### Work to be completed
Copy the records below exactly, omitting any pictures they contain.

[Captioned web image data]
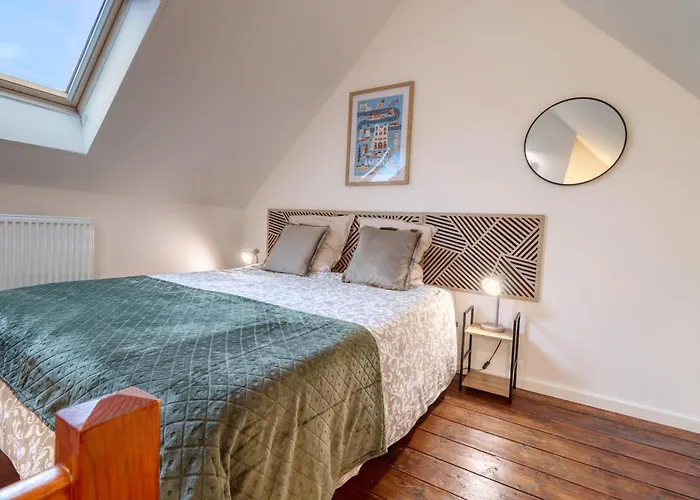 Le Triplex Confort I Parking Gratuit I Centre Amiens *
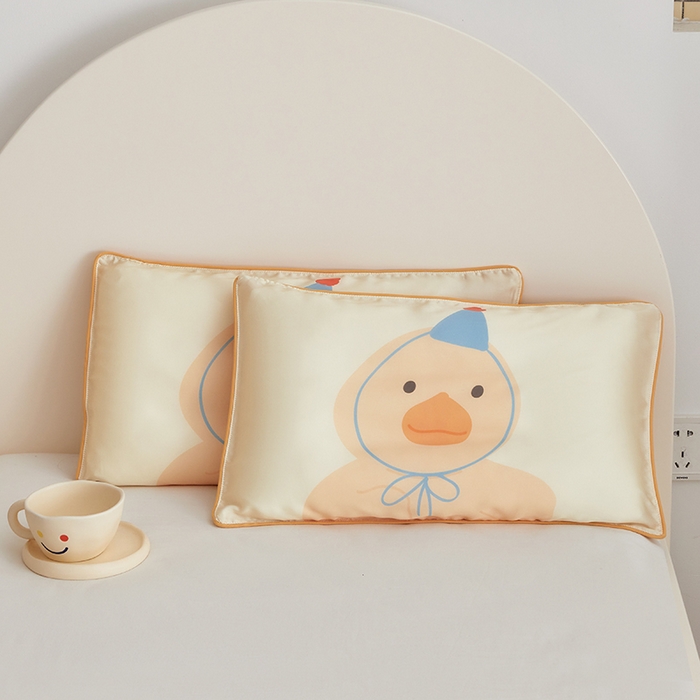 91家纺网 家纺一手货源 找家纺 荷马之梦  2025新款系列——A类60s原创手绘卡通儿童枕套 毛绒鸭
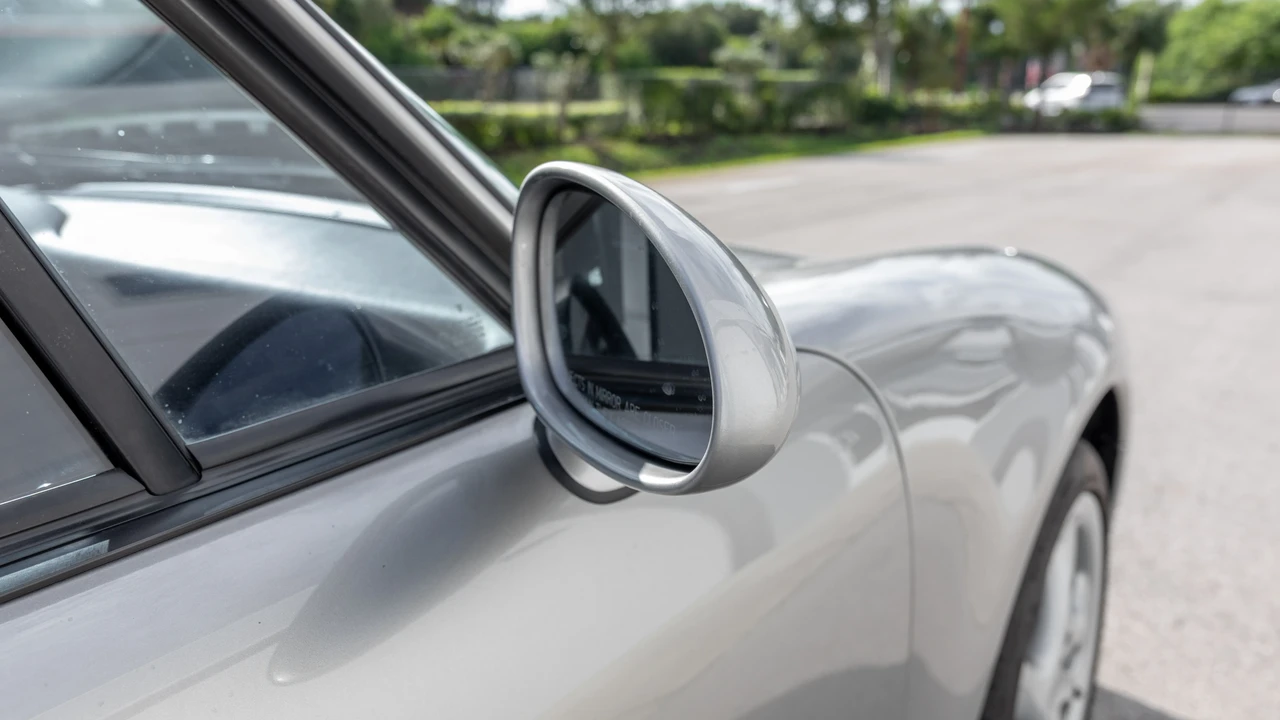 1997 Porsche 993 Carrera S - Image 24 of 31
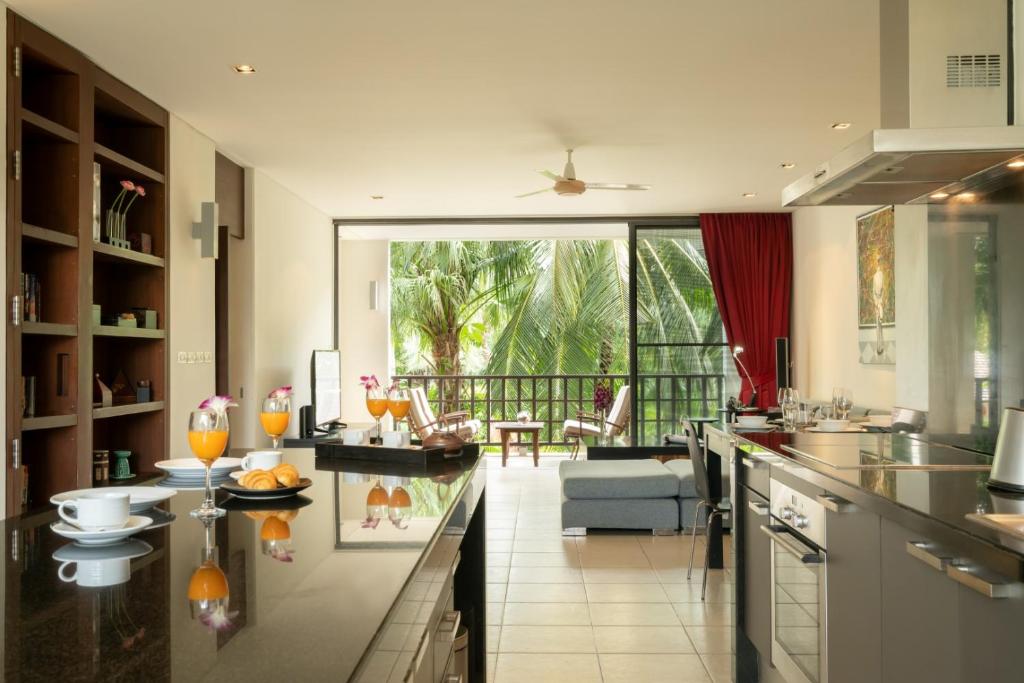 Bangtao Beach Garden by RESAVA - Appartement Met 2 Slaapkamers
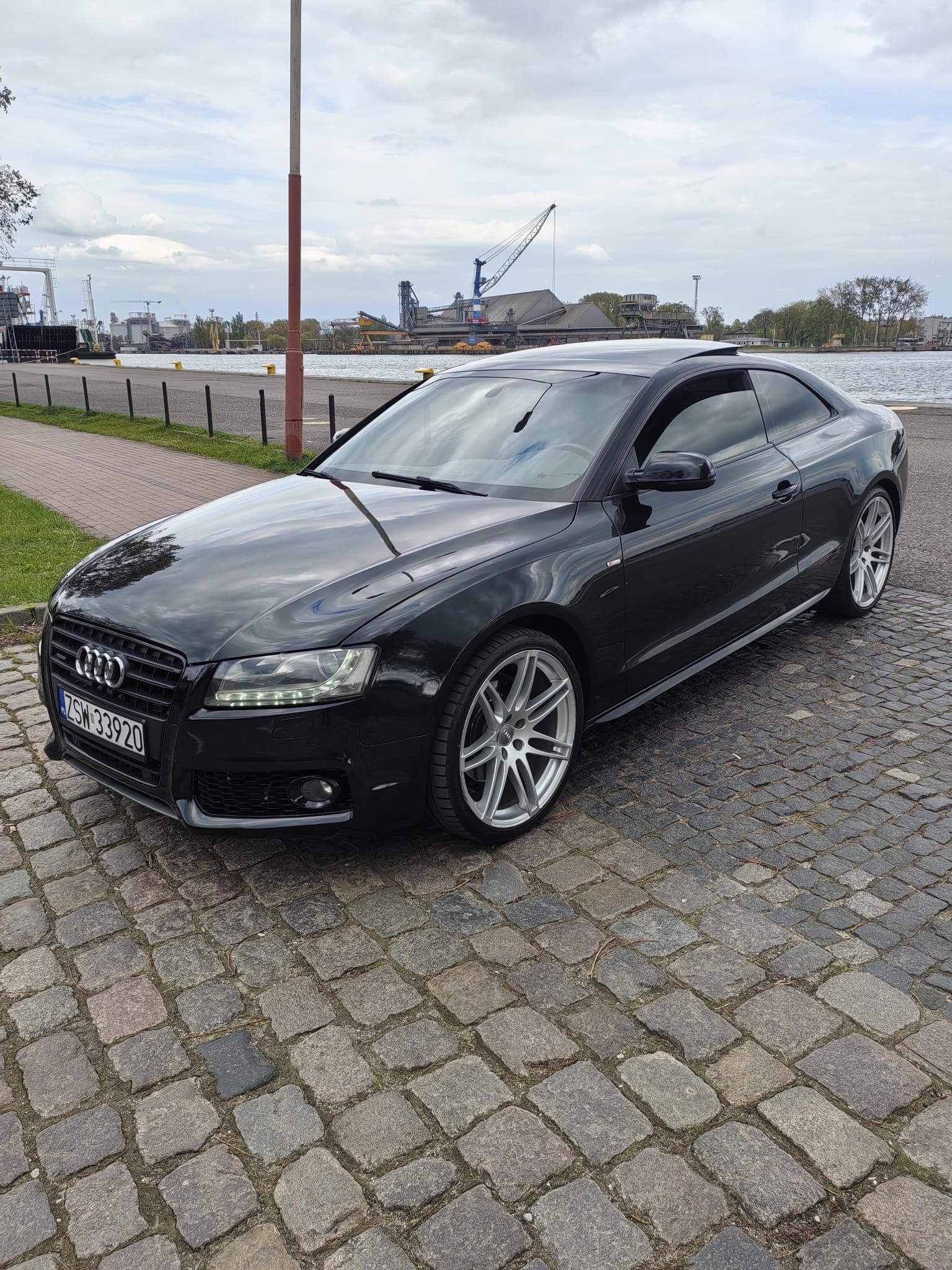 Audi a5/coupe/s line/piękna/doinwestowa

### Answer for the task
 Le Triplex Confort I Parking Gratuit I Centre Amiens *
 91家纺网 家纺一手货源 找家纺 荷马之梦  2025新款系列——A类60s原创手绘卡通儿童枕套 毛绒鸭
 1997 Porsche 993 Carrera S - Image 24 of 31
 Bangtao Beach Garden by RESAVA - Appartement Met 2 Slaapkamers
 Audi a5/coupe/s line/piękna/doinwestowa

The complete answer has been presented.